Sobald sich Künstler:innen heutzutage in kommerzielleren Sphären wie der Mode oder der Werbung bewegen, gibt es nicht selten hitzige Debatten über deren Authentizität, Motivation und Glaubwürdigkeit. Mit etlichen Kollaborationen und Werbeverträgen vertreten sind nicht nur entsprechende Positionen im Bereich der Popkultur wie Marina Abramović oder Jeff Koons, sondern auch zahlreiche aufstrebende Positionen, welche die eigene Haltung punkto Kommerzialisierung der eigenen Arbeit erst noch mit sich selbst vereinbaren müssen.
Unter ihnen ist auch der in den Niederlanden geborene Künstler Pieter Eliëns, welcher derzeit in London ansässig ist. Nebst innovativem Set-Design für Sänger:innen wie Birdy und Styling Aufträgen für hochrangige Modemagazine brilliert der Kreativschaffende in seiner persönlichen künstlerischen Arbeit mit einem eklektischen Mix aus verschiedenen Assoziationen und schafft es dabei trotzdem immer wieder, sich selbst treu zu bleiben. Ursprünglich daheim in der Bildhauerei, bewegt sich Eliëns nach Stationen in Amsterdam, Paris und Antwerpen heute zwischen Installation, Fotografie, Mode, Schaufenstergestaltung und Bühnenbild.
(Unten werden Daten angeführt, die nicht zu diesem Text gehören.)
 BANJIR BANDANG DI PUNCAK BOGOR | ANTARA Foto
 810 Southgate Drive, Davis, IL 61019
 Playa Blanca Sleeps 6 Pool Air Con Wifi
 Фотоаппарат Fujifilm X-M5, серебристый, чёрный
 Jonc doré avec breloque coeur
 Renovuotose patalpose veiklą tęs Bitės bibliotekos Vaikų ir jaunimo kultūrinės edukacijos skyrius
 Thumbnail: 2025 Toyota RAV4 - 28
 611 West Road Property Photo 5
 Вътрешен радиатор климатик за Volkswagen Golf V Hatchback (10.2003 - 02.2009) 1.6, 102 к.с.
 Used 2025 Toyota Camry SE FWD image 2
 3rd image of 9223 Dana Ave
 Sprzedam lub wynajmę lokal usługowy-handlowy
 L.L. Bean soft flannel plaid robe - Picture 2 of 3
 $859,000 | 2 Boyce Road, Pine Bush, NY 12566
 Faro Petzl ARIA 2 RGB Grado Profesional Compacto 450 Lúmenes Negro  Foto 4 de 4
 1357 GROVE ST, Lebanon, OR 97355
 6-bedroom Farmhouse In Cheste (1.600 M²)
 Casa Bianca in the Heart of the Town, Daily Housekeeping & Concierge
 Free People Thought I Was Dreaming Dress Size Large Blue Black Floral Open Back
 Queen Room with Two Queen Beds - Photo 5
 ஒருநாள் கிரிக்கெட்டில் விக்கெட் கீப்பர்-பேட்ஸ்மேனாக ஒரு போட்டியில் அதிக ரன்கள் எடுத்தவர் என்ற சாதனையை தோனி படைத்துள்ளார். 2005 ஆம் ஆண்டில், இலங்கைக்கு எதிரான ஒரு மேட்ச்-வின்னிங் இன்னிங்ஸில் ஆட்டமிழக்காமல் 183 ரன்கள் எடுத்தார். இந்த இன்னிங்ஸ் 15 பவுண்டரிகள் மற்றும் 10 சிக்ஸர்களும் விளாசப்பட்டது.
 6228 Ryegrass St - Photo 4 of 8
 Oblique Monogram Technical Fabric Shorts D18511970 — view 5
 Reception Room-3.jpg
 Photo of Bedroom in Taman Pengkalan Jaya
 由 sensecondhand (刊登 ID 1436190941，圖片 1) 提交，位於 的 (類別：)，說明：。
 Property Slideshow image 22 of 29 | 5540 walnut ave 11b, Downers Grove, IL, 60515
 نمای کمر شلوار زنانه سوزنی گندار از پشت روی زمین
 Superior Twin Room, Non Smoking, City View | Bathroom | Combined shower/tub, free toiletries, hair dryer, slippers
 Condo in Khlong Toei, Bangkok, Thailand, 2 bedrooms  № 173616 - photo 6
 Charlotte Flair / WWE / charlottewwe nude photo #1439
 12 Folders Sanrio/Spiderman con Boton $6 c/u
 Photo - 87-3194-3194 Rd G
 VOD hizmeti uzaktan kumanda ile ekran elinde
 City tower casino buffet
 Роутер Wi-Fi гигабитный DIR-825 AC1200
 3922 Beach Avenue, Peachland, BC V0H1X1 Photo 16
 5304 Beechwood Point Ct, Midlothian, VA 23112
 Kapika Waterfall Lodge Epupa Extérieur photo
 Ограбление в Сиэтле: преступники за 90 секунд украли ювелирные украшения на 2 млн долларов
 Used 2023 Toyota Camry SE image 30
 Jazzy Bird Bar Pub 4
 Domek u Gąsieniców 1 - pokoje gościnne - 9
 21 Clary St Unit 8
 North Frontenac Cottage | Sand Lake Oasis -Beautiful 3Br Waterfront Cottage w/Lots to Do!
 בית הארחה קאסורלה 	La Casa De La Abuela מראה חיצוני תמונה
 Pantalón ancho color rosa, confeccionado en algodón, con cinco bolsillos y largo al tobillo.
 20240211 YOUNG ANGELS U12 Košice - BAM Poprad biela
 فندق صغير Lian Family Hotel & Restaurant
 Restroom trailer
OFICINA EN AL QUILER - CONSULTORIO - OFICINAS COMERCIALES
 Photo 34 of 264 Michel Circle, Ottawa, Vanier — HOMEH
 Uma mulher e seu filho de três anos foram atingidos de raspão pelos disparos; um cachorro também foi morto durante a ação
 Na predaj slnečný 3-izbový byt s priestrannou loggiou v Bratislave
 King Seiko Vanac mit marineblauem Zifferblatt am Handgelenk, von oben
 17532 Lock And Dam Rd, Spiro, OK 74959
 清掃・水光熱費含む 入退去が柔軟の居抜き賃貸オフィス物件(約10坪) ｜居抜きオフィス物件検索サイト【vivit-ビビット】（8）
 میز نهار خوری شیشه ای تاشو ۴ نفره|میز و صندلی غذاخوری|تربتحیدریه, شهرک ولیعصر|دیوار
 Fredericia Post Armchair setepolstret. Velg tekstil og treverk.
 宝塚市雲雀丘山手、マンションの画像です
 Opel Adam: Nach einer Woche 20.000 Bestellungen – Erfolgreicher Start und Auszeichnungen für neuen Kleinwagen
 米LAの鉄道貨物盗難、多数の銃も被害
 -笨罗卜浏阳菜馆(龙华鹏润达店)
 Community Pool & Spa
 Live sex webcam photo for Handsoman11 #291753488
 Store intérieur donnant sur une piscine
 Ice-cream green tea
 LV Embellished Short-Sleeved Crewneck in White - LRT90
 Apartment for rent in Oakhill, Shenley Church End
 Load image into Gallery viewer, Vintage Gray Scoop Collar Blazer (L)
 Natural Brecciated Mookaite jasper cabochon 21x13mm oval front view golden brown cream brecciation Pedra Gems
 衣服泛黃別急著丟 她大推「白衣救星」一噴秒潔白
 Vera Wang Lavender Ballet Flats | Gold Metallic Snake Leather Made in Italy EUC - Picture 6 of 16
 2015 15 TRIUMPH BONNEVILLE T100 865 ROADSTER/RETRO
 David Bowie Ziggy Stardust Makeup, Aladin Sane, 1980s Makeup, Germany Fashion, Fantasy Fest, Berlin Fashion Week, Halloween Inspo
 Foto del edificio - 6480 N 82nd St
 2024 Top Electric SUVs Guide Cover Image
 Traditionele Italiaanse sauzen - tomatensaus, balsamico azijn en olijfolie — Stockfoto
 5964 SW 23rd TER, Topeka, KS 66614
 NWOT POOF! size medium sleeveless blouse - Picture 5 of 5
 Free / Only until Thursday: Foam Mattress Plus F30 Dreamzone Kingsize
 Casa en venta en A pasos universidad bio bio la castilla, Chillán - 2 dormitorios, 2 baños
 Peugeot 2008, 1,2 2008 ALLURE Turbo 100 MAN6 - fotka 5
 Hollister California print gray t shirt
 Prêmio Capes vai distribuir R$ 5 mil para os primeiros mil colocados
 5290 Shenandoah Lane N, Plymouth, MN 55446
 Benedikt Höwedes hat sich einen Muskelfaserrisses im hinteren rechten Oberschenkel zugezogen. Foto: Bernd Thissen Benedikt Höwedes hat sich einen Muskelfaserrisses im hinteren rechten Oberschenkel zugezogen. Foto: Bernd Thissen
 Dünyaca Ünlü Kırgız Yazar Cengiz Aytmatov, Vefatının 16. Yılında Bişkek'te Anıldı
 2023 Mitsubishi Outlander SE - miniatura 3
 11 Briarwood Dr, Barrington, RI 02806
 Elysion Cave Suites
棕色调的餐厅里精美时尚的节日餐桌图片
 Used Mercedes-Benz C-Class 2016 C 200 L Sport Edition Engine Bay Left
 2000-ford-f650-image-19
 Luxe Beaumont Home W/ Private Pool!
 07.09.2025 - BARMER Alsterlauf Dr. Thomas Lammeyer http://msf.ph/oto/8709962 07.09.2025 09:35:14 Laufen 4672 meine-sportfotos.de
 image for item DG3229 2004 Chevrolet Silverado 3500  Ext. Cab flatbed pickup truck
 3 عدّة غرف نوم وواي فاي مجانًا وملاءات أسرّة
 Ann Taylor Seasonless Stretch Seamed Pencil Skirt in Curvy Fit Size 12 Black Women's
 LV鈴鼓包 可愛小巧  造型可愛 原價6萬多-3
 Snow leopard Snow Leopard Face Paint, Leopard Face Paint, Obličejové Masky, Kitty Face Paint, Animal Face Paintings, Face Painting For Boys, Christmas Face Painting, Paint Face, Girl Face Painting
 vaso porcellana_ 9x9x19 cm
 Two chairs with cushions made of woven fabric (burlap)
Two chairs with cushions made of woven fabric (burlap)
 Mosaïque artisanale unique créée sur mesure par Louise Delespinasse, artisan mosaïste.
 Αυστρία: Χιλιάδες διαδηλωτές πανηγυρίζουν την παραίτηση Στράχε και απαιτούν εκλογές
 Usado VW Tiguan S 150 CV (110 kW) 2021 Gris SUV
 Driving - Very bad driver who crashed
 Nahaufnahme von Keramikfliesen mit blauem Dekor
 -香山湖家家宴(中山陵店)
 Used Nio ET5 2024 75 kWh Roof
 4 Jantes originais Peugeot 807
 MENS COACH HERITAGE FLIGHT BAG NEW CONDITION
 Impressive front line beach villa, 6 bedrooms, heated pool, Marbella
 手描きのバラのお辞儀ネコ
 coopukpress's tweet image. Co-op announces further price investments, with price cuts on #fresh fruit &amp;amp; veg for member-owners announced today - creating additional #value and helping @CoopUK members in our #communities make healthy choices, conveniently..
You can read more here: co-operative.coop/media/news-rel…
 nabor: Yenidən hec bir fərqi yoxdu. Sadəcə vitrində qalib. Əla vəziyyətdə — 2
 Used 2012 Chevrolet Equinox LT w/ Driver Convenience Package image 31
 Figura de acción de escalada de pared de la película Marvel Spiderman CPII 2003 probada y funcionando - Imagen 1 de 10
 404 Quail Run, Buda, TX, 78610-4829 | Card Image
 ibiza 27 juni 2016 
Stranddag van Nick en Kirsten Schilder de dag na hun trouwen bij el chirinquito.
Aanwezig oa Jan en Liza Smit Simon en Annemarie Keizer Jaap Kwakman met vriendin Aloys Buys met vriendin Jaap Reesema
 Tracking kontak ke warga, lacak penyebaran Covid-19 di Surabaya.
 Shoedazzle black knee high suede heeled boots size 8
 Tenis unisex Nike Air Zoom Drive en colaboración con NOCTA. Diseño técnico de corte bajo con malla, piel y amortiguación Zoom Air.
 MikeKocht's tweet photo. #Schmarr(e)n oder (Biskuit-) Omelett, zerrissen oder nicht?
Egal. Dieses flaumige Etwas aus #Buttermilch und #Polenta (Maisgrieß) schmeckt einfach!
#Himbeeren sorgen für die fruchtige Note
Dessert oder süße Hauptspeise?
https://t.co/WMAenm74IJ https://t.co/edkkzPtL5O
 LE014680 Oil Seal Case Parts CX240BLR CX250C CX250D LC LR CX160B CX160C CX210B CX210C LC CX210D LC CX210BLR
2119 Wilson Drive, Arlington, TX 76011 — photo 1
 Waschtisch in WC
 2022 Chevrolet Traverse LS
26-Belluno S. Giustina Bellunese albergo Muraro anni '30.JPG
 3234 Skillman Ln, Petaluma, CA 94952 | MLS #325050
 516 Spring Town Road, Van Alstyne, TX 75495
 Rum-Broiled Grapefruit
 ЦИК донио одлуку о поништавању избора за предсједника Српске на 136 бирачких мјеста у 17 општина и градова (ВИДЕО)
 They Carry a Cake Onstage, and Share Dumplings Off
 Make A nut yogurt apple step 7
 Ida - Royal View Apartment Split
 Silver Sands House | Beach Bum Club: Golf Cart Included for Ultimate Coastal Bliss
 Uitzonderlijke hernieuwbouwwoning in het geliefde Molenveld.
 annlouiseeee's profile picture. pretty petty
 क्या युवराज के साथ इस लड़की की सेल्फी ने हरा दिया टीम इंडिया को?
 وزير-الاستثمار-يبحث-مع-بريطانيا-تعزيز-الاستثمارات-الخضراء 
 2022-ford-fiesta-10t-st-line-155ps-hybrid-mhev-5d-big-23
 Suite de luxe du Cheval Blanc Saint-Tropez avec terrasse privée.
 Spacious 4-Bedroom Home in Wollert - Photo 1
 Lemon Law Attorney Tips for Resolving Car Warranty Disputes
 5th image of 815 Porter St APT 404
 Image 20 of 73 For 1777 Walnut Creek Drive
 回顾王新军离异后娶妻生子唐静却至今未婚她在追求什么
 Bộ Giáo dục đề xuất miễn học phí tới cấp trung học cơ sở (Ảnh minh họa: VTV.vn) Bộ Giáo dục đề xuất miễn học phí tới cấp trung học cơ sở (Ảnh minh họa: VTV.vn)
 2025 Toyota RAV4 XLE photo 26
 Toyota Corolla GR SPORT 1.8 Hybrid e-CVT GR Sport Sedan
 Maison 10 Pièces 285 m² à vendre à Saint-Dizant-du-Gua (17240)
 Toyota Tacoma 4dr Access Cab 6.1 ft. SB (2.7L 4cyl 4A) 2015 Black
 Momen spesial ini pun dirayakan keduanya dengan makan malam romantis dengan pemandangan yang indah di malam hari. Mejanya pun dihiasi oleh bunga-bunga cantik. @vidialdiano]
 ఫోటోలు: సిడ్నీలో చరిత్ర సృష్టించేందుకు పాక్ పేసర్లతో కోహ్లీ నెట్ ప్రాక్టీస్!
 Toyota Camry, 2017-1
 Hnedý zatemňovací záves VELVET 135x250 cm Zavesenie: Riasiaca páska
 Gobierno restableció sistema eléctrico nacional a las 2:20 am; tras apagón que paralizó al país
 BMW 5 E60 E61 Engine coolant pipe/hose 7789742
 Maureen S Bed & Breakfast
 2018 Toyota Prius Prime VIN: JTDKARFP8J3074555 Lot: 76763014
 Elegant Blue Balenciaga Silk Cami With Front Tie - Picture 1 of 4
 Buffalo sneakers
Er neigt dazu, mit einer breiten Palette von Materialien zu arbeiten und ist nicht auf ein bestimmtes Material festgelegt. Allerdings ist die Verwendung von Stoffen ein häufig wiederkehrendes Element in seinem Werk. Er behandelt diese Stoffe oft so, dass sie zu Trägern menschlicher Emotionen und Erfahrungen wie Zerbrechlichkeit, Fürsorge und Verlust zu werden scheinen; seine Arbeiten scheinen als Metapher für diese Gefühle zu fungieren, die universell von uns allen erlebt werden. Die Art und Weise, wie seine Skulpturen und Installationen hergestellt und konstruiert werden, wird oft sichtbar gemacht und ins Zentrum gerückt. Seine Werke haben einen manuellen, gestischen Touch, der eine Reaktion auf die Überfülle an maschinell hergestellten Dingen zu sein scheint, von denen wir umgeben sind. In seinen Arbeiten denkt er über den Begriff der Ordnung und des Chaos nach, über Strukturen, Träger und die Idee, welches Material von einem anderen Material getragen oder unterstützt wird.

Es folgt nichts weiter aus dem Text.